Movie Review: Critical Thinking (2020)

A chess drama, Critical Thinking is well-intentioned and decently engaging, but never threatens to rise above familiar underdog territory.

At the Miami Jackson inner-city high school, Mario Martinez (John Leguizamo) teaches a "critical thinking" elective, which is essentially a chess club. Despite minimal financial support from the school, Mario cobbles together a winning multi-ethnic team consisting of Ito, Rod, Gil, and Sedrick. They are later joined by Marcel, a recent arrivee from Cuba.

Some of the boys have troubled home lives, with Ito being drawn into the orbit of an intimidating drug dealer, and Sedrick verbally abused by a depressed father (Michael K. Williams). Nevertheless, Mario and the team scratch together travel funds and embark on a winning run at the regional and state levels to reach the national chess high school tournament.

Based on a true story and directed by Leguizamo, Critical Thinking continues the long-running tradition of a good teacher helping disadvantaged school kids rise above. The film delivers exactly what can be expected in terms of mixing tough backstories with inspirational pathways to better futures, which also means it could have been made any time in the past 50 years. Leguizamo's directing is more steady than flashy, although on-screen he appears to be trying too hard. The supporting cast of relative unknowns is adequate.

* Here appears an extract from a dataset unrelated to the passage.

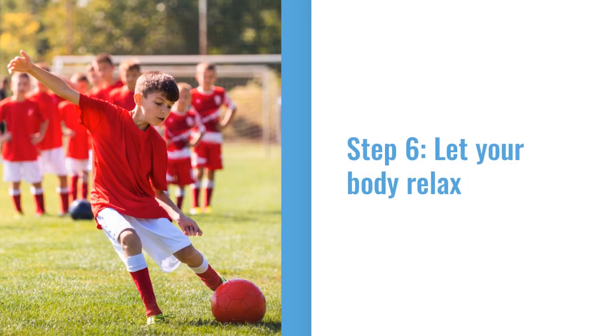The sixth step involves letting your body relax. When moving your kicking leg towards the ball, your arms will naturally fly out to help you keep your balance. By keeping your body relaxed, this will help you get a powerful and accurate shot off.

The mental jousting of chess is never easy to capture visually, but Leguizamo cares to cover the basics plus some of the game's intricacies, and the portrayed board positions appear realistic. Surprisingly missing is how the teacher Mario helps the kids become better chess players - they just seem to be naturally gifted. As the narrative progresses, routine scenes of tournament play mingle with clunkier classroom sessions and the boys dealing with personal issues. Joy is found in the simple pleasures of away-from-home success, including modest restaurant meals and nights spent bonding around cheap motel swimming pools. 

The travails of Ito falling into the street corner drug trade and Sedrick receiving the brunt of his widowed father's anger constitute micro-stories and round-out the characters as simple depth mechanisms, but also pad the running time towards the two hour mark. Critical Thinking is predictably competent and comfortably predictable.